Git for Courses

This guide was originally written for a UIUC CS hosted GitHub Enterprise and the repository hosted on that site. It has been moved to https://github.com/uillinois-community/gitForCourses

Summer 2021 updates:

Date	Update
2021-05-25	This site will be updated with best practices and guides for transition from our github-dev.cs.illinois.edu service to using GitHub.com.

Git for Courses

Documents in this repository describe how different Illinois courses have used git for student assignment distribution, collection, grading, regrades, etc.

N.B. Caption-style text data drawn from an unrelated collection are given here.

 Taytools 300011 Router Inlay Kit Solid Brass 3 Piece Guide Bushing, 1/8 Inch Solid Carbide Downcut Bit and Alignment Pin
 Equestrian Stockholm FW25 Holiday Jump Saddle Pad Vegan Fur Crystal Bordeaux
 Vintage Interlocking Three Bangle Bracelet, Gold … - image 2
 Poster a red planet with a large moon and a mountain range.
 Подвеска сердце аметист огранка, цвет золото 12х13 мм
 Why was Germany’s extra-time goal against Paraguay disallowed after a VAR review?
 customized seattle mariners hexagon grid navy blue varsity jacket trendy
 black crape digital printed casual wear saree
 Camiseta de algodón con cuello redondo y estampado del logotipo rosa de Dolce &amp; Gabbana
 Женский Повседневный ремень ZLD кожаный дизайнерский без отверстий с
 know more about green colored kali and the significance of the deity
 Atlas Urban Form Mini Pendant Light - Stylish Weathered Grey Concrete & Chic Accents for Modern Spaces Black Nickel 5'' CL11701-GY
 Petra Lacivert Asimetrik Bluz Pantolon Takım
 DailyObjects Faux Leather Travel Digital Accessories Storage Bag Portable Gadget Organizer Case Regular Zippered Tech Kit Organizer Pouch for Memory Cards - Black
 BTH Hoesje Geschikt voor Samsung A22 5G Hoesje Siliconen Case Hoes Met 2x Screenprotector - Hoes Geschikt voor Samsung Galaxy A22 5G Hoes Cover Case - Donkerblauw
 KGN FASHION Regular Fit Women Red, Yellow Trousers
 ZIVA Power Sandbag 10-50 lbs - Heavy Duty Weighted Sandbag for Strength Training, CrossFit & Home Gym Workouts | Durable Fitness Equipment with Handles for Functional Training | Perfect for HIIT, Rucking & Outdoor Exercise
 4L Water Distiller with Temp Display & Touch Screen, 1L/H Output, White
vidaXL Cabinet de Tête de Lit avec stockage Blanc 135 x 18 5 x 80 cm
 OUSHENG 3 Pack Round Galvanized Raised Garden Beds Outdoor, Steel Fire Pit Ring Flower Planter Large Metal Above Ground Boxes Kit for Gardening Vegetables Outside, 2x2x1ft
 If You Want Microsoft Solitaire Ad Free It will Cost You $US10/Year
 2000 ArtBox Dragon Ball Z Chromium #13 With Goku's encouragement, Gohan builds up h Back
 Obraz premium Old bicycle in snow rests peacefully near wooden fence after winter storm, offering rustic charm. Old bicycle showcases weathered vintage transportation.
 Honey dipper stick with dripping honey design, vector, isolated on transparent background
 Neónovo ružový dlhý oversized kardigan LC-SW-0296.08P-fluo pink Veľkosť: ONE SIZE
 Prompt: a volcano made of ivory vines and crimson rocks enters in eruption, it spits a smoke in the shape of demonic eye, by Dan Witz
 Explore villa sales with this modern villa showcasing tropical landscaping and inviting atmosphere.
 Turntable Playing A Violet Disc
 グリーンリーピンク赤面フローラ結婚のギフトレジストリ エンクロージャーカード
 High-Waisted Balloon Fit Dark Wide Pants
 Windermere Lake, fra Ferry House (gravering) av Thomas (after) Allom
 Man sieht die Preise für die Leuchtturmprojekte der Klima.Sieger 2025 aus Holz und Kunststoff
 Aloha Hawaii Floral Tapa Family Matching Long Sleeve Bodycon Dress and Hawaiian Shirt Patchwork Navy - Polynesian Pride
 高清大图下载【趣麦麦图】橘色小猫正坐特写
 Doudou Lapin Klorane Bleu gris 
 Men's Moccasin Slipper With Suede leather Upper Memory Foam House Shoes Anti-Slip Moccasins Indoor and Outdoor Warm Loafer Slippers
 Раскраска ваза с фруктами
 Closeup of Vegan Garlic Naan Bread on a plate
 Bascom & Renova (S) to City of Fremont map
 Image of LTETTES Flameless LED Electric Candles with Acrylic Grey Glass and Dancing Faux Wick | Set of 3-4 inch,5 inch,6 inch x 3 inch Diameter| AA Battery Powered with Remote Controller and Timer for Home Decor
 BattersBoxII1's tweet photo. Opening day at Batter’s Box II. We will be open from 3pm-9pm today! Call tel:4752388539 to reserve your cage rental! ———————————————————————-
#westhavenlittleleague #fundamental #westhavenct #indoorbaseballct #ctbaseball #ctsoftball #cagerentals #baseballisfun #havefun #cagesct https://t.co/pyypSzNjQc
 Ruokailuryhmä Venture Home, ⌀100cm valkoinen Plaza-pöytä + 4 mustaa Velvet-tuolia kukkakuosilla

For feedback, contact Dave Mussulman ([email protected]). Issues and PR's welcomed.

Git for Courses

Services

Git is a version control systems for tracking changes in computer files and coordinating work on these files among multiple people. Wikipedia

Git is often paired with a server component that gives a web front-end to the data, handles collaboration and discovery across projects, and adds more collaborative features like issues, wikis, web-hosting, etc.

Some of these used at Illinois:

GitHub.com

The venerable cloud-based git service, github.com, has a GitHub Education program which supplies free hosting for students and courses. The GitHub username is independent from your Illinois netid or password.

It's not entirely clear the FERPA risks of using GitHub's cloud service for student sensitive data.

GitLab

Engineering IT hosts a GitLab Community Edition service at https://gitlab.engr.illinois.edu Login uses the Illinois NetID and password.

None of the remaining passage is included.